Vendredi, le Journal de Montréal a rapporté que le fondateur de Métro Média, Michael Raffoul, s’était versé un dividende de 2,57 millions $ en août 2021, soit quelques mois avant que le début des déboires financiers de l’entreprise. M. Raffoul avait racheté les journaux  de Transcontinental en 2018 pour former Métro Média.

«Ça a été fait quand il y avait beaucoup d’argent dans l’industrie, explique M. Mulé. On n’avait aucune raison, à ce moment-là, de penser qu’on allait perdre 80% de nos revenus. L’ancien actionnaire était un distributeur de nos journaux, il nous donnait ses services, alors c’était une façon de (se repayer).»

Andrew Mulé soutient qu’à ce moment-là, il n’était pas encore actionnaire de Métro Média. «Je ne faisais pas partie des propriétaires, cette décision n’était pas la mienne; je n’avais aucun (pouvoir) sur cette décision à ce moment-là», dit-il, ajoutant que le versement du dividende a eu lieu dans le cadre «d’une restructuration qui nécessitait un changement d’actionnaire».

Un article du Grenier aux Nouvelles indique que M. Mulé est devenu président-directeur général de la compagnie en mai 2021. M. Raffoul était alors devenu président du conseil d’administration.

M. Raffoul est encore inscrit comme le principal actionnaire de Métro Média au Registre des entreprises du Québec.

Interrogé à savoir si la décision de M­. Raffoul de se rembourser quelques mois plus tôt a pu décourager certains investisseurs de soutenir financièrement l’entreprise par la suite, M. Mulé admet que «c’est une excellente question».

«Mike (Raffoul) était prêt à redonner (de l’argent) à l’entreprise, mais dans un deal structuré, avec l’intervention (d’autres investisseurs)», mentionne M. Mulé, qui au cours des derniers mois, a cogné à de nombreuses portes pour obtenir du financement, notamment au ministère de la Culture et des Communications, Investissement Québec, la SODEC et le ministère de l’Économie.

M. Mulé pointe toujours du doigt la Ville de Montréal comme étant la principale responsable de la chute de l’entreprise, ayant d’une part sonné le glas du Publisac, principal véhicule des hebdomadaires de Métro, et d’autre part refusé de soutenir financièrement l’entreprise de presse en conséquence.

«On n’avait même pas (un défenseur) qui travaillait pour nous à l’intérieur de la Ville elle-même», déplore M. Mulé, qui a présidé à la fin 2021 un comité aviseur sur les journaux locaux mis sur pied par l’administration municipale.

Vendredi, le Parti libéral du Québec a réclamé une aide d’urgence du gouvernement pour sauver le groupe de presse, comme il l’avait fait en 2019 pour éviter la faillite des journaux de Groupe Capitales Médias.

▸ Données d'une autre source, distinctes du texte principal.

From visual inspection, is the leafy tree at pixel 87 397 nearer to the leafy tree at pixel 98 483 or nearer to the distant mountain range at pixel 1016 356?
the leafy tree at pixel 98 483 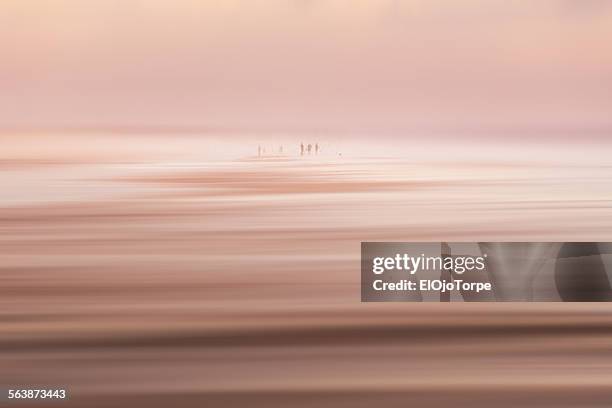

La porte-parole de l’opposition en matière de culture et de communications, Michelle Setlakwe, estime qu’un million de dollars seraient «une somme suffisante pour permettre à Métro Média de compléter sa transition numérique qui est déjà bien entamée ».

Andrew Mulé souhaite encore que son appel à l’aide soit entendu. «On a vraiment pris un virage numérique important. On a vraiment investi dans cet avenir, parce qu’on y croyait. Mais on était encore au rez-de-chaussée. Si on nous avait donné un peu de financement, on aurait monté un étage à la fois», dit-il.

Pour les années 2020-2021 et 2021-2022, le ministère de la Culture et des Communications a versé des subventions de 393 575$ et 348 845$ à Métro Média dans le cadre de son Programme d’aide à l’adaptation numérique des entreprises de presse d’information écrite, a appris La Presse Canadienne. En 2022-2023, la compagnie a touché 394 821 en vertu du même programme; pour 2023-2024, la somme prévue était de 313 276$.